“You can’t play with us because you’re dark and we’re light.” These words of rejection, isolation, and segregation hit my young ears in just kindergarten or first grade. Before I even knew the name of my racial identity, I knew I was different. Before I could even comprehend what this difference meant and that there was such a thing as race, I was being discriminated against because of it. I learned about race at a young age, but unfortunately it wasn’t in a positive, loving way. I learned about race from the way white people treated me. I learned about race from a white prospective at such an early age, that by the time I was conscious enough to understand, damage had already been done. By the time my parents talked to me about race, society already had.
My earliest memory of facing racism was the one I mentioned above. I had a white friend named Elizabeth. She was my best friend; we played in the neighborhood together. She even invited me to her birthday party skating. One day at school, it was time for recess and we were going to play power puff girls. As we got ready to play, another little girl told me, “You can’t play with us.” I asked her why not, and that’s when she hit me with the, “You can’t play with us because you’re dark and we’re light.” As a kid I didn’t know how to take that. I didn’t cry. I wasn’t that upset. I was just very confused. I mean, yea our skin was different, but I’d played with Elizabeth several times. And of course, she went along with her white friends. I just didn’t understand why I couldn’t play. So from then on, I no longer had my friend, and I no longer played with those kids at school. I remember I punched one of the girls a while later because she was always messing with me and even pulling my hair. I got in trouble. She never did.
My next childhood experience with racism that I remember happened in fourth grade. I still don’t recall anybody telling me I’m Black or anything about Africa by this time. But I just knew, and then what I thought I knew knew was confirmed in the classroom. We were learning about slavery, and I was the only black kid in my class. The horrific pictures in the book resembled me. I remember the hot tears rolling down my face as I learned about this atrocity. I was sad and upset and maybe even embarrassed that this happened to me. I took it personally. I saw myself on those pages. The way I was whooped was in a textbook. Brown people who looked like me were slaves. I couldn’t believe it! I was hurt. I was sad. I was angry. On top of that I didn’t have anybody else in the room who could understand the pain I felt seeing images of black bodies with lash marks across their backs. Not even the teacher gave any regard to how this could make a nine year old black girl feel, especially as the only one in the class. Then something even worse happened. A white, blond- haired boy, whipped an invisible, pretend whip and made a “wapishhh” sound, acting like he was hitting me with a whip. Of course I cried. At a young age, right in the class room of a Virgina public school, we learned our places in society. Right there, I learned that I was African American, and by the history taught to me, inferior to my white classmates.
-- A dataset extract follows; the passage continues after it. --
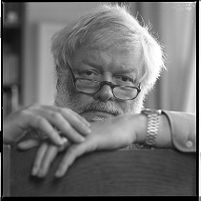 Michael Longley at home, Belfast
Unfortunately that wasn’t the end of my racial dealings in the school place. Being the only black kid in the majority of my classes throughout middle and high school, I dealt a lot with racist jokes and comments. Honestly I’ve dealt with too many to even recall or write about in this post. Growing up and being one of few black kids can be tough. It’s even harder first learning about slavery in a white school system before your parents teach you about Africa and where you come from before slavery. I feel like a lot of parents don’t talk about race to their children. Either they don’t think about it or they feel like they are too young. Unfortunately this absence of teaching at home leaves it to society, often dictated by whites, to define little black children for them. Before we can have knowledge of self and pride in our heritage, we’ve already been dimmed and learned inferiority by our teachers and peers.
Despite the miseducation that I received at a young age, I’ve been able to un-learn and relearn more about our history and culture. I’ve been able to overcome the negativity that society tried to instill in me as a child. The reality of today’s racism is that it’s been passed down from generation to generation, so before we are even adults, we already have racist ideals instilled. Racism continues to live because that’s part of the foundation of this country. So, teaching little black kids about race, who they are, where they come from, and the greatness of their history is so important. Because if we don’t share our history and experience from our perspective, we’ll have the next generation learning it from the same little girls saying, “you can’t play with us because you’re dark and we’re light.” And we’ll have another generation of lost children, not knowing who they are, but knowing that something just… ain’t… right.